RFR: 8323807: Async UL: Add a stalling mode to async UL [v10]
Johan Sjölen
jsjolen at openjdk.org
Thu Jan 23 07:54:54 UTC 2025
On Thu, 23 Jan 2025 03:39:30 GMT, David Holmes <dholmes at openjdk.org> wrote:
>> Johan Sjölen has updated the pull request incrementally with one additional commit since the last revision:
>>
>> NOT_DEBUG is not the same as PRODUCT_ONLY I assume
>
> src/hotspot/share/logging/logAsyncWriter.cpp line 309:
>
>> 307: AsyncLogWriter* instance = AsyncLogWriter::instance();
>> 308: if (instance != nullptr) {
>> 309: if ((uintptr_t)instance == (uintptr_t)Thread::current_or_null()) {
>
> Why the casts ??
Sorry, that was sloppy of me. I still need a cast, but to the proper `Thread` type.

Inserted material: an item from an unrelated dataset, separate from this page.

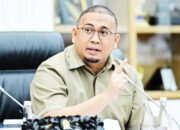 Andre Rosiade Sampaikan Belangsungkawa Insiden Driver Ojol Dilindas Rantis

> src/hotspot/share/logging/logAsyncWriter.cpp line 312:
>
>> 310: // If logging from the consuming thread then fall back on synchronous logging.
>> 311: // Otherwise, the consuming thread may wait on itself to print the message,
>> 312: // this obviously leads to a deadlocked system.
>
> I'm somewhat surprised that we already allowing for logging within the logging thread as that potentially leads to infinite recursion. ??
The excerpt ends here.